◆ **Task goal**: Each of the lines from the one that contains "ステンレス金具 丸リンク 1個価格 - 大工道具・金物の専門通販アルデ" to the end of the entries below should be output exactly.

Collected data:
-- Opening Marker --

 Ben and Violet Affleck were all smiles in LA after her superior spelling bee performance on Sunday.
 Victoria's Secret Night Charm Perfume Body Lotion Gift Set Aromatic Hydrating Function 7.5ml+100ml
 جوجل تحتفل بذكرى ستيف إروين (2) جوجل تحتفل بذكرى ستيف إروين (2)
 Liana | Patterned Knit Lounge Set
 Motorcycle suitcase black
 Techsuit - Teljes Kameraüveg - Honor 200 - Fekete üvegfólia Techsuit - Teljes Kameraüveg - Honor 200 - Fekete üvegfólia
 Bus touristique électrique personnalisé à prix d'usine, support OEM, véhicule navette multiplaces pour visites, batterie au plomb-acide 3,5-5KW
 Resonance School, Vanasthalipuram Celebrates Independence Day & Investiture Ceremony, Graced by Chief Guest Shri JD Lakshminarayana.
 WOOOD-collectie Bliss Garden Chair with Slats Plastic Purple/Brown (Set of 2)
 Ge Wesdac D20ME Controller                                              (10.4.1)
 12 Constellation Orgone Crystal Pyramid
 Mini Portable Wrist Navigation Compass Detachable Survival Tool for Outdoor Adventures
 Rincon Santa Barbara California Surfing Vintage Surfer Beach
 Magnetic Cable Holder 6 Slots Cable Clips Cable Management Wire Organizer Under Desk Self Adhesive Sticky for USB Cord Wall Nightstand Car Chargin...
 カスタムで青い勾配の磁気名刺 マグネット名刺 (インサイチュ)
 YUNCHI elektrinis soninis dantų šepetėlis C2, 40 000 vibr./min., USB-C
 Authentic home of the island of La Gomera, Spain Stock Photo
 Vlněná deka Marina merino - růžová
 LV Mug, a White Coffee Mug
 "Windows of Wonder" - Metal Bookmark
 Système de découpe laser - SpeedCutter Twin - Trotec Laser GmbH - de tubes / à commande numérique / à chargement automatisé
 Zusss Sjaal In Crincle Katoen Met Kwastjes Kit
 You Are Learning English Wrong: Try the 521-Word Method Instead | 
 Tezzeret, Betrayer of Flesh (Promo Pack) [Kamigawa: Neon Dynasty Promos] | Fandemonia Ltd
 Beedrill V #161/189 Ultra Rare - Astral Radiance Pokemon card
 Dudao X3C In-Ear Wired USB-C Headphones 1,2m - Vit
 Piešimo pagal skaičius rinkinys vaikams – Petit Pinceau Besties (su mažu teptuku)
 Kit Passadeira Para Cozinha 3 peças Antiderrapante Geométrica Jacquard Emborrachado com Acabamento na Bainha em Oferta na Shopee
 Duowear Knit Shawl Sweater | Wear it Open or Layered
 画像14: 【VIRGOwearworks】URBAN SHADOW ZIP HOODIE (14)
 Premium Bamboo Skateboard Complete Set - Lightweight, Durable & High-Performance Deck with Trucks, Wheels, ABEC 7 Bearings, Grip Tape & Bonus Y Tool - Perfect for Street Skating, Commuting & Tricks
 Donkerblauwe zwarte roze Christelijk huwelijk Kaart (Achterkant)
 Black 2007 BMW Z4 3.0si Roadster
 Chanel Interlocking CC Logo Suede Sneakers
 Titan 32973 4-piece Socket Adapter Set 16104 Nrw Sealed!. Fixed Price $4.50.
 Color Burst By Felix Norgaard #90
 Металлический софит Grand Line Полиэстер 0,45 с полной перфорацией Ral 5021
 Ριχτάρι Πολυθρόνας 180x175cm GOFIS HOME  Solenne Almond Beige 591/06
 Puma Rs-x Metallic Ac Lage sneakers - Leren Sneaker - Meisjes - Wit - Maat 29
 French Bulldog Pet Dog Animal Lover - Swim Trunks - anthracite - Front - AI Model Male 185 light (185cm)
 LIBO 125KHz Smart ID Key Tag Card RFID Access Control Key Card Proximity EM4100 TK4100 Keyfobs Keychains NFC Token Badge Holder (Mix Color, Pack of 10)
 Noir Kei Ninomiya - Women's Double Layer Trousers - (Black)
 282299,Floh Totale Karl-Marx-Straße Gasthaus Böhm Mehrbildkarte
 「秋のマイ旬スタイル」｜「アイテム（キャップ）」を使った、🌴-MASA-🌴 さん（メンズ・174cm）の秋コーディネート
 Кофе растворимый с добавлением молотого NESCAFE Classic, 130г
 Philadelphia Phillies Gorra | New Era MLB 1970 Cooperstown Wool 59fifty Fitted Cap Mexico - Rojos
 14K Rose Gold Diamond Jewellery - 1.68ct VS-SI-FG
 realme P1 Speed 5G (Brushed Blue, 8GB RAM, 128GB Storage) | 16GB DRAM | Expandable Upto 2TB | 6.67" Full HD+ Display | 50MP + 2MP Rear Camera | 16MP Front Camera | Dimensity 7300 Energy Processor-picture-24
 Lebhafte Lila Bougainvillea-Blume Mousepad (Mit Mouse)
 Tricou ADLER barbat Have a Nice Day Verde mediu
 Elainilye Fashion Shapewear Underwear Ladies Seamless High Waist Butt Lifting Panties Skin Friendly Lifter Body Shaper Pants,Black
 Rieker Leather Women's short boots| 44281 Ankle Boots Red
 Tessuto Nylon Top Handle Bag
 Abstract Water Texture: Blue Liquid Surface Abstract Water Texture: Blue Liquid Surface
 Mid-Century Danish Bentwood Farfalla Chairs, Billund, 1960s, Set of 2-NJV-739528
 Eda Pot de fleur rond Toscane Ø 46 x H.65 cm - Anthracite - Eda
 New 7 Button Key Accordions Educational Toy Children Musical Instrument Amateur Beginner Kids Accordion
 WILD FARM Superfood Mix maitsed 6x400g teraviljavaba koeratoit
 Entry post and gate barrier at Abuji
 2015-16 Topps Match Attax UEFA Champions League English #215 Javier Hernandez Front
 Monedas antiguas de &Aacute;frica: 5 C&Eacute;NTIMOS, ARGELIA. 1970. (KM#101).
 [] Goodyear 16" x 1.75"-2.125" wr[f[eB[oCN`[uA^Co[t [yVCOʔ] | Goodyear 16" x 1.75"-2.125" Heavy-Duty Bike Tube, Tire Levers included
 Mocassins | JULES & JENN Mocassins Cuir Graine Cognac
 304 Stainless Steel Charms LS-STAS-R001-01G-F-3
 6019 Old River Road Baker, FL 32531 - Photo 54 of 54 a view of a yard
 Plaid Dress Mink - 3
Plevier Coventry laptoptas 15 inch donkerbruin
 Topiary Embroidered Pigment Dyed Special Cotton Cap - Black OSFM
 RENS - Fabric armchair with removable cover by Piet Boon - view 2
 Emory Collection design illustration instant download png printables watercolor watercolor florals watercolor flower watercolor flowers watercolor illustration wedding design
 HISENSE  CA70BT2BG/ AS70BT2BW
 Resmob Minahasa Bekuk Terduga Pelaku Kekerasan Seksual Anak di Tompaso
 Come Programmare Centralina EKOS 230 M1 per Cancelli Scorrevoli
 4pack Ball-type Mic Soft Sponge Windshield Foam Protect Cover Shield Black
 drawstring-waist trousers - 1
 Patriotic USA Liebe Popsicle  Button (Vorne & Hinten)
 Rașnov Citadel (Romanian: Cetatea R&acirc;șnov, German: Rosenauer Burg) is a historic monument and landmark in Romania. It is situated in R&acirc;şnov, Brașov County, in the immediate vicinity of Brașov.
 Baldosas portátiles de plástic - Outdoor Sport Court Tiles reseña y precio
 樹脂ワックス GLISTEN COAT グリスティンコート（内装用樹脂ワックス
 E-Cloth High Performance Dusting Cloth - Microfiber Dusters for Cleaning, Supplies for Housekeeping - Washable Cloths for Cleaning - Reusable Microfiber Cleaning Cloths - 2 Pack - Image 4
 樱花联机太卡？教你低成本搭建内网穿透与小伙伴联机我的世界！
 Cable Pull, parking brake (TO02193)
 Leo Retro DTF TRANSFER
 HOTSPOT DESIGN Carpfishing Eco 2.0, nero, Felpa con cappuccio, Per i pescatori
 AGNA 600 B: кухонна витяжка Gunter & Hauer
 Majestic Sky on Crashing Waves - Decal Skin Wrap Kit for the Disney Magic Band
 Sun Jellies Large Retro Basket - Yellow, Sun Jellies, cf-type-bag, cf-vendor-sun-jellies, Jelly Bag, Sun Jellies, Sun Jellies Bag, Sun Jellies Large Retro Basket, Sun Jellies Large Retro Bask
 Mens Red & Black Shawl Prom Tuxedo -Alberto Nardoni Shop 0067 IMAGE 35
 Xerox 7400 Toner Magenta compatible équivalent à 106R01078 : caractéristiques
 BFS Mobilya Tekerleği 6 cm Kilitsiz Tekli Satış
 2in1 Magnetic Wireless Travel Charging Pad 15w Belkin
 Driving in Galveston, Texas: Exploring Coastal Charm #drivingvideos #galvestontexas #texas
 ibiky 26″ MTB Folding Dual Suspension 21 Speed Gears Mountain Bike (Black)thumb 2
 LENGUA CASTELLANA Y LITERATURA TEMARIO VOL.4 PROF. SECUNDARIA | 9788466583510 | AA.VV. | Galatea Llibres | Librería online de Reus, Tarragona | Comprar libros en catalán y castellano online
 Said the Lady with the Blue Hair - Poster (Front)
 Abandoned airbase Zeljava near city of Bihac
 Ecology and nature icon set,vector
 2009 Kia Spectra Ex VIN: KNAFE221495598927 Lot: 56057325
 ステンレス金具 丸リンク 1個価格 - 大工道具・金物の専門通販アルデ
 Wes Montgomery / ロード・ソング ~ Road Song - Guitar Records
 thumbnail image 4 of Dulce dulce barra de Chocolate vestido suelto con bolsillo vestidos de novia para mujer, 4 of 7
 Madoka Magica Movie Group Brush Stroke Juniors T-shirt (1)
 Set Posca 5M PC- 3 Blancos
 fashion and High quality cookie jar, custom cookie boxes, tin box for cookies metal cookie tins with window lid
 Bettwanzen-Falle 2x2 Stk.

-- Closing Marker --

◆ **Answer for the task**:
 ステンレス金具 丸リンク 1個価格 - 大工道具・金物の専門通販アルデ
 Wes Montgomery / ロード・ソング ~ Road Song - Guitar Records
 thumbnail image 4 of Dulce dulce barra de Chocolate vestido suelto con bolsillo vestidos de novia para mujer, 4 of 7
 Madoka Magica Movie Group Brush Stroke Juniors T-shirt (1)
 Set Posca 5M PC- 3 Blancos
 fashion and High quality cookie jar, custom cookie boxes, tin box for cookies metal cookie tins with window lid
 Bettwanzen-Falle 2x2 Stk.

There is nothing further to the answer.